L’entrisme dans assemblées d’actionnaires

Les ONG qui initié cette forme d’interventionnisme sont parmi les plus rompus aux débats institutionnels à l’image d’Amnesty International notamment sa branche américaine. Avec un fond d’investissement de 15 000 dollars vers la fin de l’année 2006, elle s’est empressée d’entrer au capital de plusieurs grandes entreprises telles que Chevron Texaco, Dow Chemical, Nortel Networks, Ivanhoe Mines etc. Dow Chemical et Yahoo en USA ont été les premiers à essuyer les reproches de l’ONG Amnesty International lors de leur assemblée générale annuelle. Les griefs notamment sur  des cas d’abus et de violations de certaines règles internationales relatives aux questions de l’environnement ou des droits de l’homme. De façon pratique, faire reconnaître à Dow Chemical sa responsabilité dans la pollution générée par l’explosion de l’usine de l’Union Carbide à Bhopal en Inde par Union Carbide en 1984 ; un drame ayant occasionné près de 15 000 morts.

Bien que Dow Chemical ne soit devenue actionnaire et propriétaire de Union Carbide qu’en 1991, Amnesty International tentera un retro sur cette question épineuse 23 ans plus tard pour attirer l’attention de l’opinion publique sur le manque de cohérence entre les valeurs prônées par l’entreprise et son passé. Dans la même perspective, il faut préciser que l’Association américaine de défense des animaux (PETA) a mis en œuvre la même stratégie d’acquisition de parts pour entrer au capital de grandes marques telles que Ralph Lauren, Burberry, Gucci, Yves-Saint-Laurent, etc. Cette politique de cheval de Troie a permis à l’ONG d’obtenir la possibilité de prise de parole lors des assemblées générales de ces entreprises afin de faire passer ses valeurs. Il est utile de préciser que ces nouveaux leviers employés par ces ONG sont facilités par leur notoriété auprès du grand public ainsi que leur capacité à faire du tapage médiatique. Toutefois, bien que ces stratégies revêtent l’aspect revendicatif de valeurs sociales, elles ne sont pas moins de véritables guerres économiques qui pourraient facilement profiter à la concurrence.

La crise du covid-19 est-elle un nouveau nouveau champ d’action pour les ONG ?

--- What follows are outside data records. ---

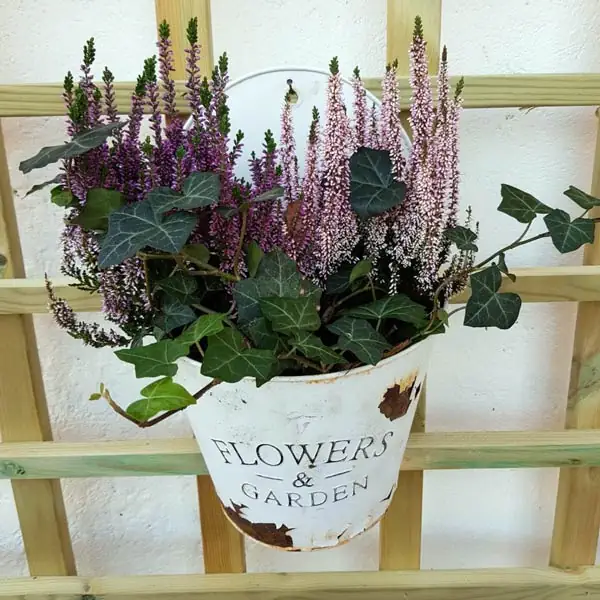 blomsterarrangemang utomhus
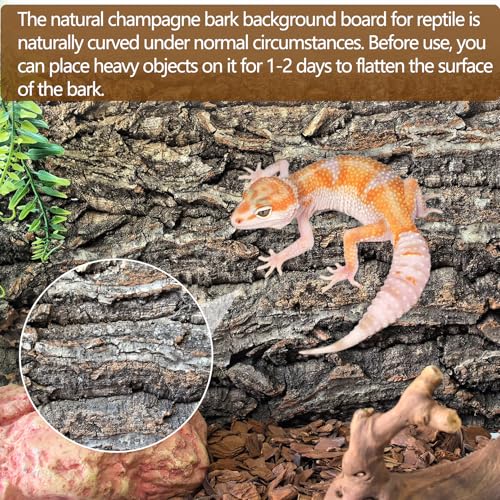 Cork Terrarium Background 11.8x7.9in 10PCS Natural Reptile Cork Bark Flats Terrarium Board Bearded Dragon Climbing Wall Mat Tank Accessories Decor for Lizard Chamelon Snake Turtle Spider Crested Gecko (10PCS-11.8x7.9in)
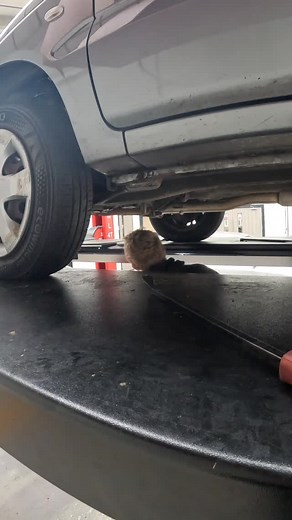 Considering qualifying to become an MOT Tester but not sure how to go about it? Give us a call for an initial chat 👋 we can discuss the process - it's really straightforward 👍 📞 01604 422700 📨 info@motexpert.org 🔗 Head to the 'Become an MOT Tester' tab on our website #mottrainingcourses #mottrainingcentre #mottrainingexperts #mottester #mechanic | MOT Expert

Dans les retombées possibles de l’épidémie liée au covid-19, la question de la responsabilité de la Chine peut générer de nouvelles polémiques sur les failles de ce pays dans le domaine de la santé. De multiples sujets restent en suspens :

  • Les origines du virus et l’incapacité du régime communiste à y faire face.
  • Les défaillances récurrentes du modèle sanitaire chinois.
  • Les économies parallèles de contrefaçon de médicaments et de fabrication de faux-médicaments.
  • La question de la transplantation illégale d’organes (provenant de prisonniers dits de conscience qui n’ont pas donné l’autorisation pour ce prélèvement) est aussi un des sujets sensibles d’un débat initié depuis une vingtaine d’années dans certains pays anglo-saxons.

La tension croissante entre les Etats-Unis d’Amérique et la Chine peut accentuer la résonance de ces polémiques encore très peu relayées par la société civile européenne. La montée en puissance de ces débats « éthiques » peut mettre en difficulté des entreprises qui font un gros chiffre d’affaires avec la Chine. La déstabilisation de la firme américaine Nike mise en accusation à cause du travail pour enfants dans son réseau de sous-traitance, est un cas d’école qui peut se reproduire.  A titre d’exemple prévisible, des membres de la société civile peuvent demander à des firmes occidentales de prendre position sur le scandale de la pratique de la transplantation d’organes. Le silence, l’omission ou la fuite en avant ne seront pas des postures solides pour les directions de la communication de ces firmes qui devront justifier leur absence de prise de conscience à l’égard d’un tel crime devant l’opinion publique internationale.